§ **WHAT YOU ARE ASKED TO DO**:
Going line by line through the records below, write out everything starting with the line containing "Uvex Sportstyle 231" and going on through the line containing "Adidas Copa 19.1", exactly and inclusively. Pictures do not go in.

§ **MATERIAL SUPPLIED**:
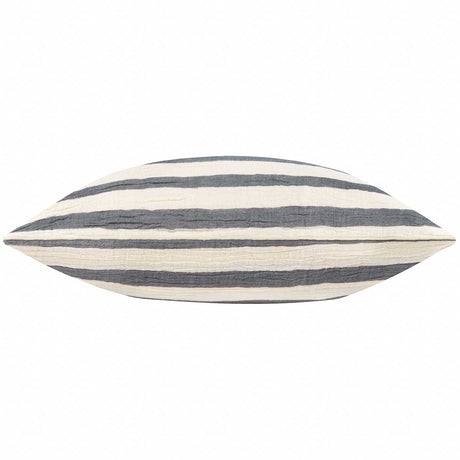 Woven Stripe Cushion Cover / Filled Cushion 16" x 24" (40cm x 60cm) by Yard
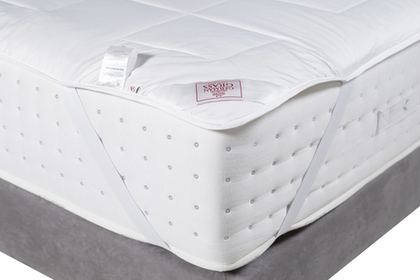 Наматрасник всесезонный 200х200 German Grass Mattress Camel Wool
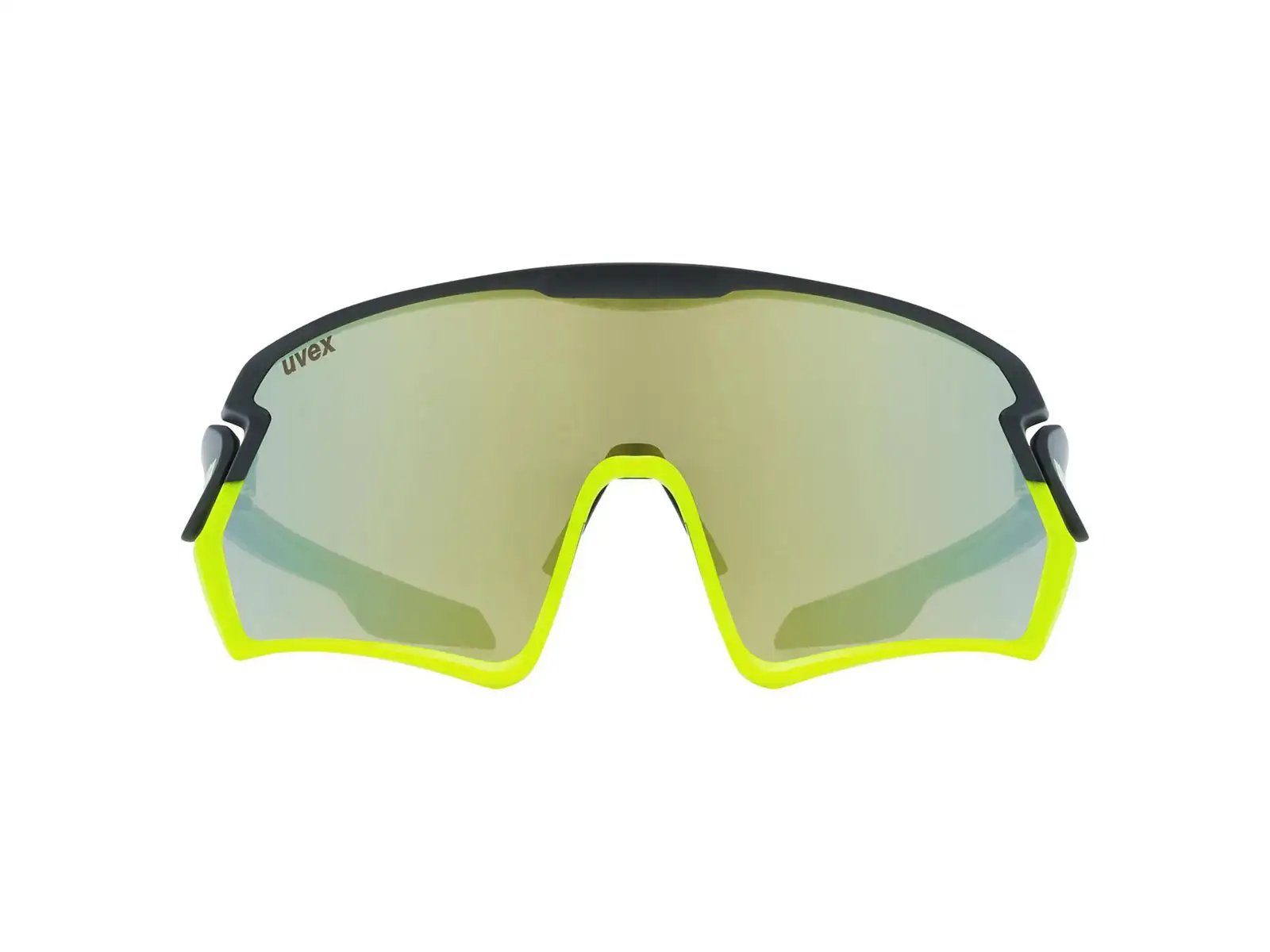 Uvex Sportstyle 231 brýle Black Lime Mat/ Mirror Yellow (Cat. 3)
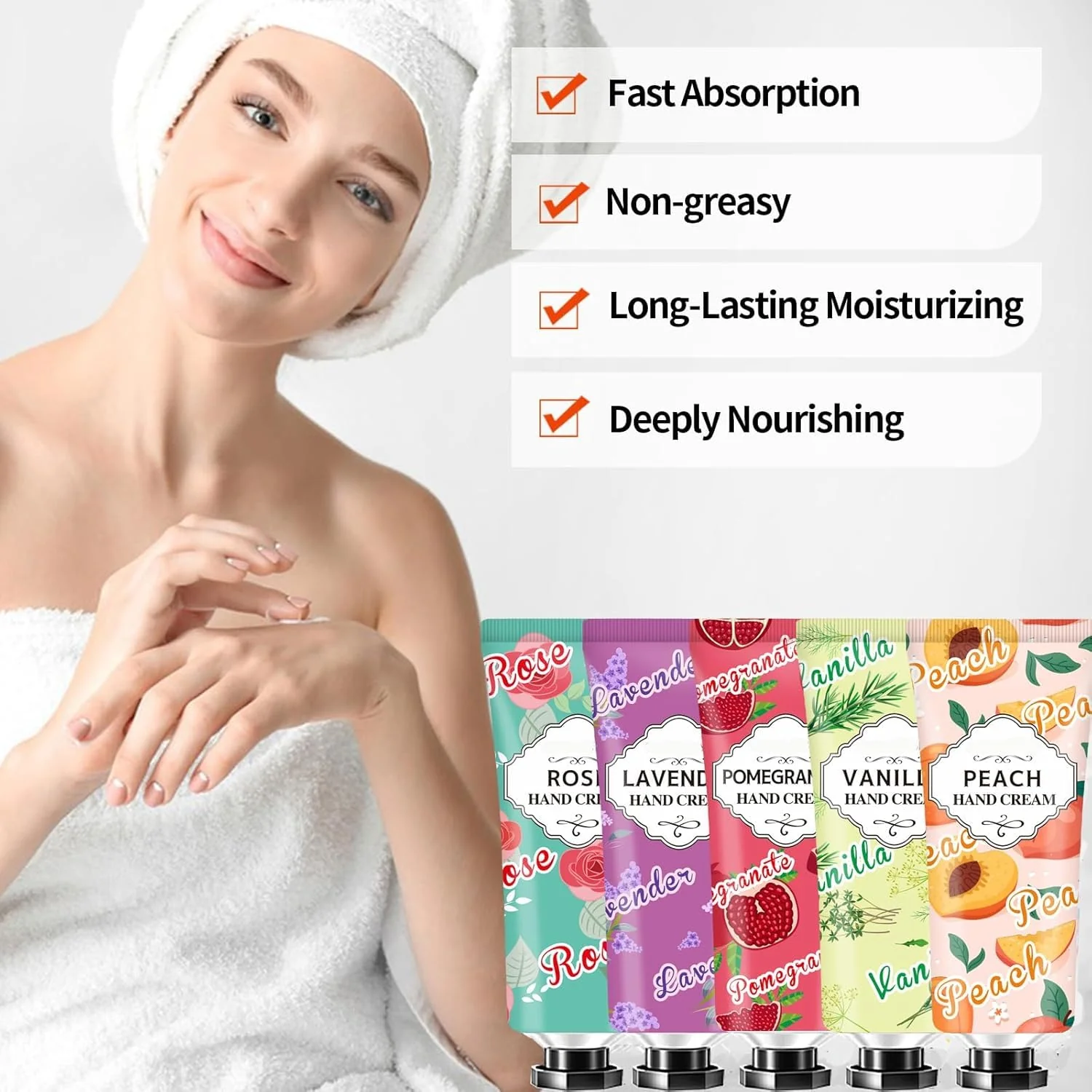 86 Pack Hand Cream Bulk Gifts,Stocking Stuffers Adults,Christmas Gifts for Women,Christmas Stocking Stuffers Teacher Appreciation Gifts Birthday Gifts,Natural Travel Size Lotion for Dry Cracked Hands - Image 5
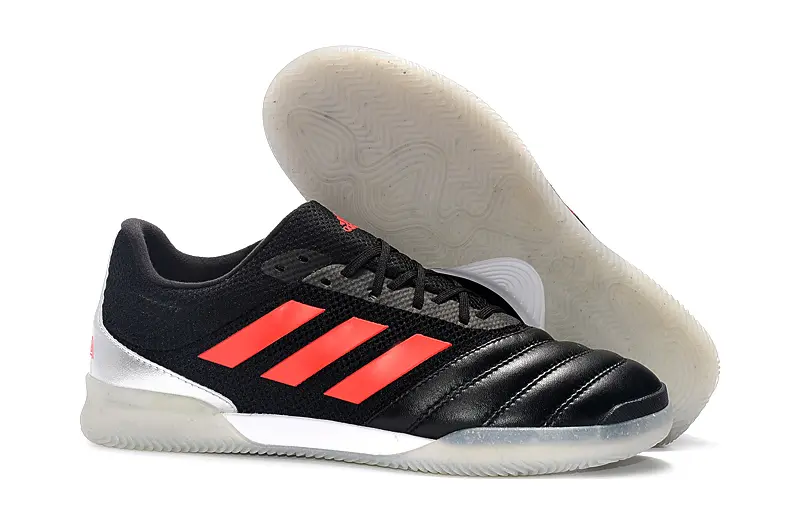 Adidas Copa 19.1 IC - Black/Fiery Red/Metallic Silver
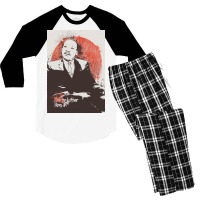 Martin Luther King Jr Painting Art Men's 3/4 Sleeve Pajama Set | Artistshot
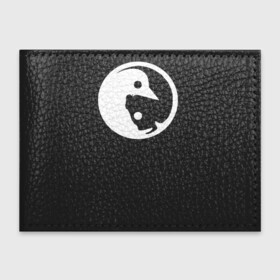 Обложка для студенческого билета с принтом Linux Icon в Тюмени, натуральная кожа | Размер: 11*8 см; Печать на всей внешней стороне | Тематика изображения на принте: icon | linux | pinguin | иконка | линукс | пингвин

§ **EXPECTED OUTPUT**:
 Uvex Sportstyle 231 brýle Black Lime Mat/ Mirror Yellow (Cat. 3)
 86 Pack Hand Cream Bulk Gifts,Stocking Stuffers Adults,Christmas Gifts for Women,Christmas Stocking Stuffers Teacher Appreciation Gifts Birthday Gifts,Natural Travel Size Lotion for Dry Cracked Hands - Image 5
 Adidas Copa 19.1 IC - Black/Fiery Red/Metallic Silver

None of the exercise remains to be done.